Yesterday's NYT went above-the-fold Page One with an anonymously sourced piece saying that GIs "will have the authority to shoot looters on sight." In retrospect, TP should have noted that the Times never explained what that might mean in terms of actual rules of engagement. (Try to drive away with a stolen car and get shot? How about meandering out of a store with a toaster?) In fact, the story didn't really clarify to what degree the new "shoot-on sight" concept was actually an order versus something more akin to an out-loud brainstorm. As it happens, it now seems that it was closer to the latter (unless, as is possible, the administration just did a quick flip). "Unless the soldier's life is threatened, we are not going out and shooting looters," said the commander of the U.S. 3rd Division yesterday.
Pop quiz: Given that the above quote directly disputes yesterday's big-time report in the Times, where do you run think it runs in today's NYT? If you answered "23rd paragraph of a stuffed story," congratulations, you seem to have what it takes to be a newspaper editor.
Everybody goes high with word from Texas that 19 people, illegal immigrants, were found dead, locked in the back of a trailer truck that had crossed the border from Mexico.
The papers all detail yesterday's extraordinary town-hall-type meeting at the NYT. The closed-to-the-media session ("predictable, but ironic," says USAT) was convened to hear newsroom complaints about the Jayson Blair affair and management's perceived failings. "You view me as inaccessible and arrogant," said executive editor Raines in his long mea culpa. "I heard that you were convinced there's a star system that singles out my favorites for elevation.

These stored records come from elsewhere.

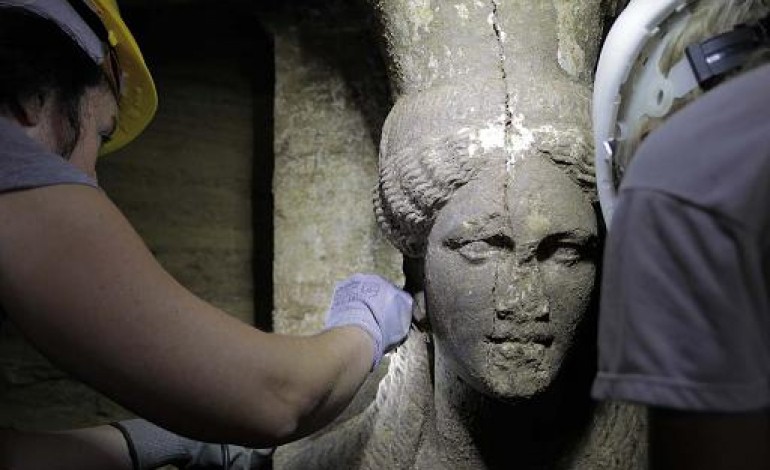 Thessalonique (Grèce) (AFP). Grèce: un squelette et un mystère toujours entier dans la plus grande tombe antique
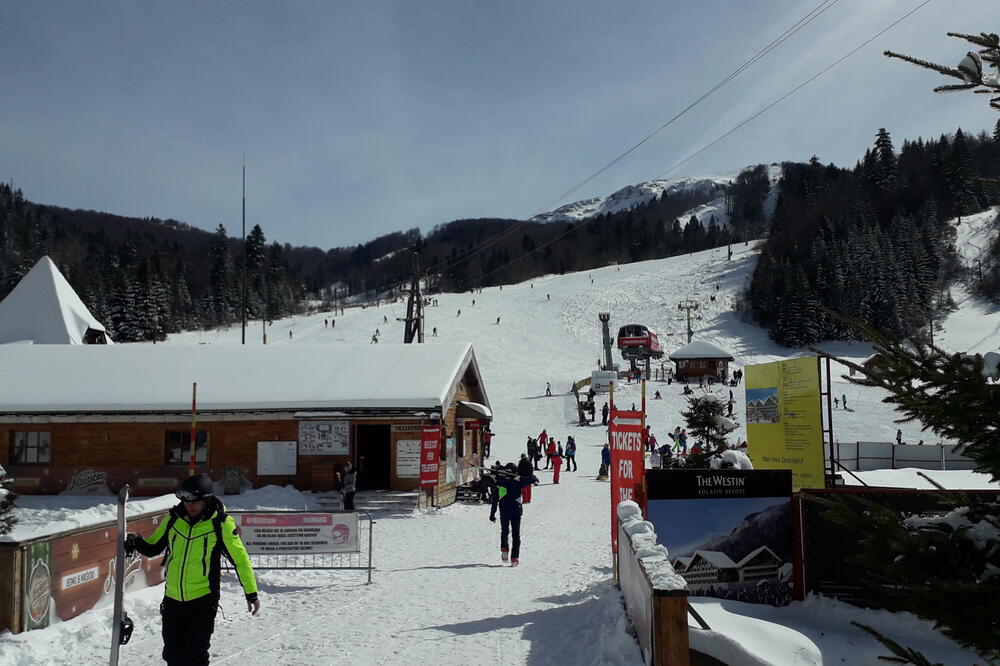 U subotu se moglo skijati na Ski-centru “Kolašin 1450”, Foto: Dragana Šćepanović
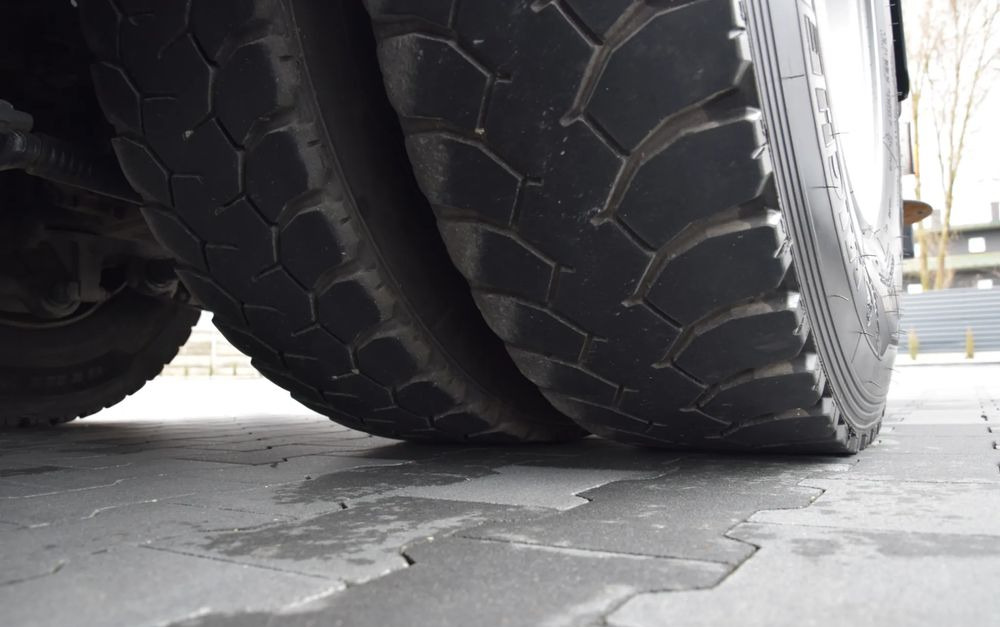 משאית צד נופל/ שטוחה, משאית מנוף Mercedes-Benz AROCS 2636 / 6x4 / HIAB X-HIPRO 192 E-3 / WYSUW x3 / ROTATOR / STEROWANIE RADIOWE / UDT / PODPORY HYDRAULICZNE / AUTOMAT / KAMERA COFANIA / NISKI PRZEBIEG / SPROWADZONY: תמונה 15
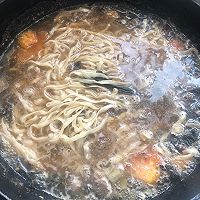 牛肉芝麻叶热汤面的做法图解7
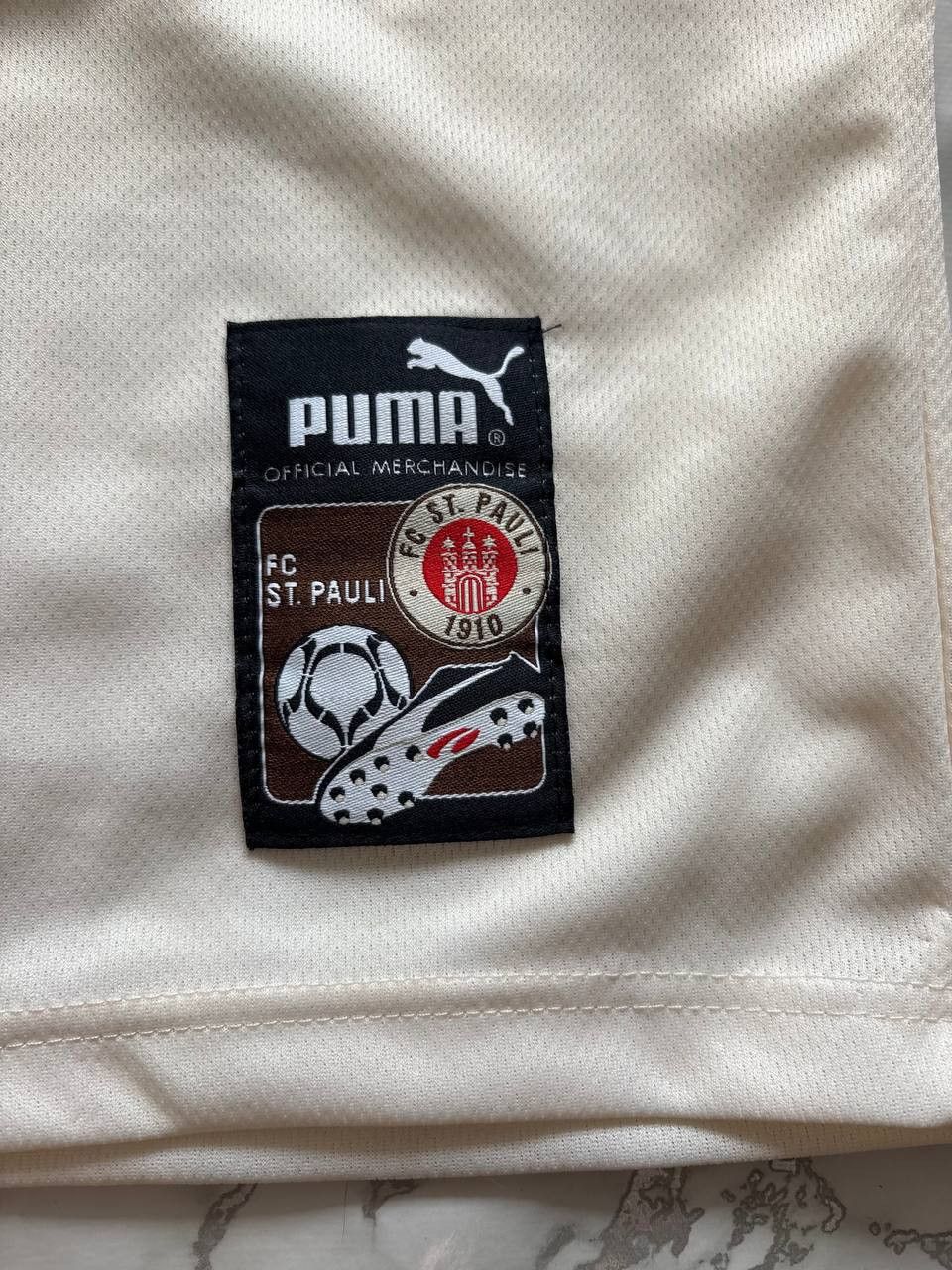 Puma St Pauli Germany Puma 1998-1999 Soccer Jersey Vintage Size US L / EU 52-54 / 3 - 2 Thumbnail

Fear is a problem to such extent, I was told, that editors are scared to bring me bad news."
He heard right. As metro one editor put it, "I believe that at a deep level you guys have lost the confidence of many parts of the newsroom. I do not feel a sense of trust and reassurance that judgments are properly made. People feel less led than bullied." One reporter asked if Raines was considering resigning. He said no, and the Times' publisher backed him up.
The NYT's story on the meeting is solid, although it's a bit hard to find (look inside the "A" section). The LAT fronts its coverage. The WP, with the best piece, puts it on Page One of the "Style" section and says things got heated. The editor quoted above used a profanity, at which point Raines told him not to "demagogue me."
Is he meshugina? The Post's Lloyd Grove says that Geraldo Rivera has announced that he's getting married (for the fourth time). In a nod to his upbringing, Rivera plans to get hitched in a synagogue, explaining, "I'm making a conscious decision to take this whole Judaism thing seriously. I think the Jews need me right now."